La cosificación de estas trabajadoras llega hasta el punto de que las agencias de reclutamiento utilizan páginas web para mostrar, como si de un catálogo se tratara, listas de mujeres clasificadas por su nacionalidad, edad o cualidades –los idiomas que habla, si tiene experiencia con niños o personas mayores…– junto a fotografías o vídeos de estas presentándose. «Mira los vídeos, contrata a tu favorita». «We will Uber your new maid» (‘Te uberizamos a tu nueva criada’, en un juego de palabras con la conocida empresa de movilidad), expone una de estas agencias, que, además, ofrece la posibilidad de «remplazar» a la trabajadora «de forma gratuita tantas veces como quieras» si no cumple sus expectativas.

Trabajadoras domésticas en Beirut. Fotografía: Aline Deschamps / Getty

¿Habrá kafala en el futuro?

«Creo que la situación está cambiando, ha habido muchos intentos en los últimos dos o tres años. Hay más conciencia», opina la joven Nur. «La situación ahora está mejor que antes porque hay más información y las trabajadoras saben a quién acudir si les sucede algo. Pero seguimos sin importarle a nadie», añade Julia ­Soanirina.

Aun así, la principal razón por la cual perdura la kafala es el dinero que genera. Según un estudio de la Fundación Friedrich Ebert publicado en Triangle Research en 2020, el sistema genera más de 100 millones de dólares anuales para el Líbano y, basándose en aproximaciones, solo las agencias de reclutamiento recibieron alrededor de 57,5 millones de dólares por las nuevas trabajadoras migrantes que llegaron al país en 2019. Según la página web oficial del Ministerio de Trabajo libanés, están activas 779 agencias de reclutamiento libanesas.

«Es un método terriblemente neoliberal basado en la oferta y la demanda.
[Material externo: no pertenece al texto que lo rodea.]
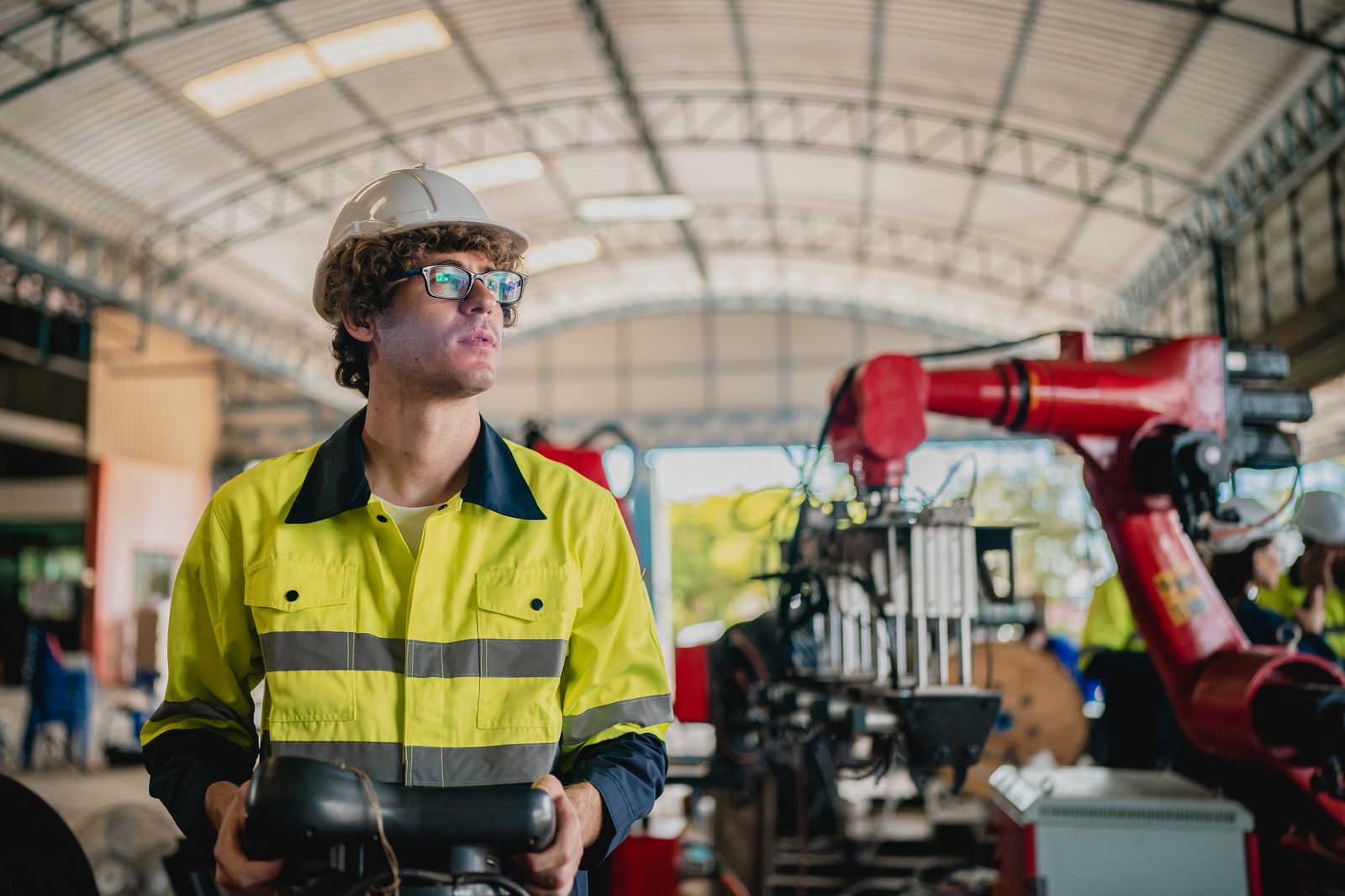 Landscaping worker overseeing an automated machine at a work site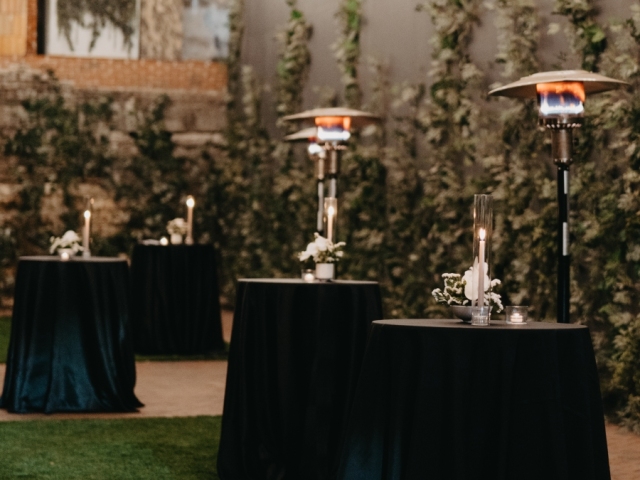 High top tables at elegant wedding with black table clothes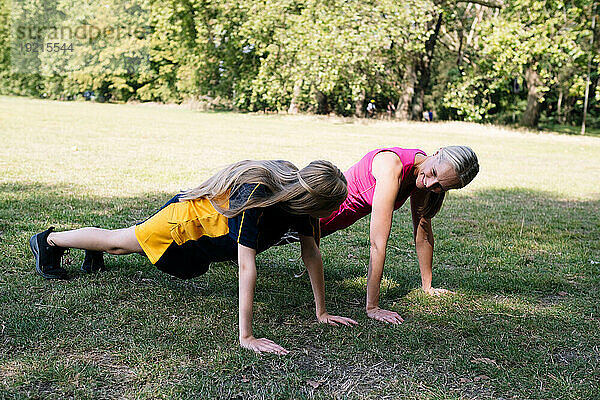 Glückliche Mutter und Tochter trainieren im Park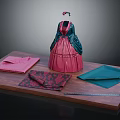 Vintage Pink And Green Dress With Floral Patterned Fabrics On Wooden Platform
La trabajadora en cuestión es legal en el país, en tanto que tiene una familia que demanda su servicio», sentencia Garroum. «Hay muchos agentes implicados. La ­kafala está ligada al sector privado –­agencias de reclutamiento–, pero también al público –organizaciones gubernamentales–», reflexiona Nofal. Y ese interés económico no se limita solo al país receptor.

Muchas naciones –no solo africanas– han prohibido o limitado a sus nacionales trabajar en el país de los cedros para evitar situaciones de abuso. Líbano y Etiopía firmaron a mediados del pasado mes de abril un acuerdo en el que se regulan las condiciones laborales para los etíopes bajo los derechos humanos con el fin de prevenir la trata de personas.

Sin embargo, las agencias de contratación siguen existiendo en estos países y se facilita, de forma menos directa, acceder al país porque las remesas que envían estas mujeres contribuyen a la economía del país. «Desde Adís Abeba no se puede viajar al Líbano, así que la agencia me envió a Sudán, luego a Abu Dabi y de allí a Beirut», explica Reyan.

«Hay una prohibición en Madagascar, pero saben que trabajamos para enviar el dinero a nuestra familia en nuestro país», añade Julia. En Madagascar, las remesas suponen un 4,8 % del PIB.

Si la kafala será o no una realidad dentro de diez años es una incógnita. Las trabajadoras migrantes son la respuesta a una demanda dentro de un sistema capitalista global, y el trato hacia ellas está normalizado en la mentalidad de una parte de la sociedad. El tiempo responderá, o no, pero la comunidad migrante parece estar organizándose y perdiendo el miedo a alzar la voz.